If I go to PubMed and enter this query, which currently returns around 2290 results:
"Retraction of Publication"[Publication Type]
then select "Send to File", format = XML, "Create File", the download generally takes a few seconds and returns a file with only one DOCTYPE line, as expected:
grep -c DOCTYPE ~/Downloads/pubmed_result.xml
# 1
grep DOCTYPE ~/Downloads/pubmed_result.xml
# http://www.ncbi.nlm.nih.gov/corehtml/query/DTD/pubmed_120101.dtd">
If I perform an equivalent query using the BioRuby implementation of EUtils:
require "rubygems"
require "bio"
ncbi = Bio::NCBI::REST.new
Bio::NCBI.default_email = "me@me.com"
retmax = ncbi.esearch_count("Retraction of Publication[ptyp]", {"db" => "pubmed"})
search = ncbi.esearch("Retraction of Publication[ptyp]", {"db" => "pubmed", "retmax" => retmax})
result = ncbi.efetch(search, {"db" => "pubmed", "retmode" => "xml"})
File.open("pubmed_result.xml", "w") do |f|
f.write(result)
end
it takes significantly longer to return the XML file, the file has a slightly different size and it contains multiple DOCTYPE lines which breaks XML parsing:
grep -c DOCTYPE pubmed_result.xml
# 23
It appears that Efetch returns separate, complete XML "chunks" and concatenates them into one file.

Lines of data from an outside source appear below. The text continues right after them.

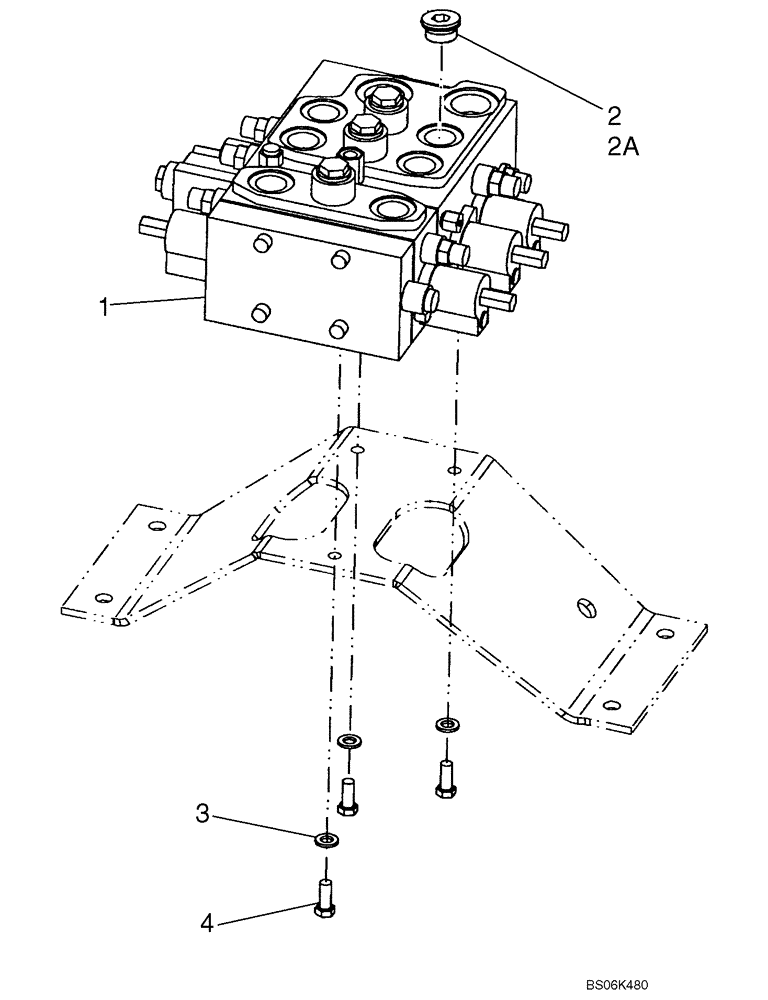 Схема запчастей Case 921E - (08-19) - VALVE, CONTROL - MOUNTING, TWO & THREE SPOOL (08) - HYDRAULICS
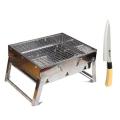 Outdoor Portable BBQ Stove With Knife - Black. 
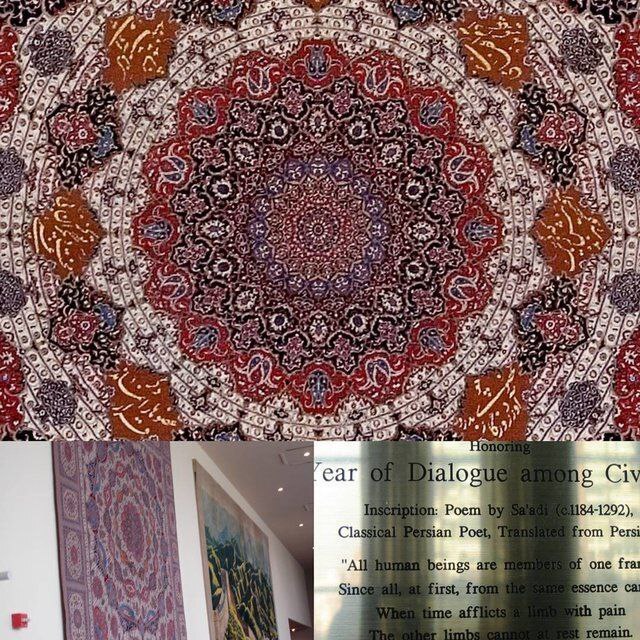 بافت زرین شعر پر مفهوم فارسی در سازمان ملل+ عکس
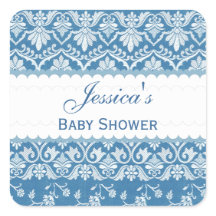 BABY SHOWER DE GARÇON Bleu Vintage Damas modèle A0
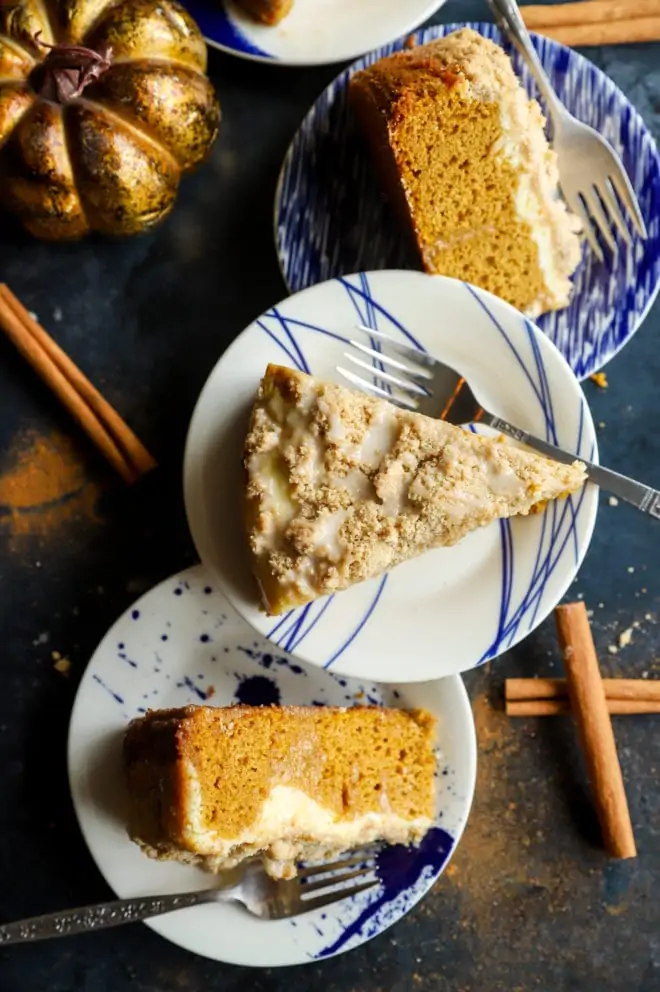 Image of streusel topping on cake on plates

This does not occur if a smaller subset of the variable search, e.g. search[0..4] is passed to efetch. So:
- Is this issue due to passing too many IDs to efetch?
- Have other people observed it using other implementations of Eutils?
- Can it be resolved using e.g. a POST query as suggested in the Eutils documentation?
On further investigation: I forgot to pass retmax as a parameter to efetch. However, even when this is done, results seem to be returned in batches of 100. Does not occur when the Bioperl Eutils library is used, so may be a bug in (my version of?) BioRuby.
On even further investigation: it seems that adding the parameter "step = retmax" to efetch solves the problem.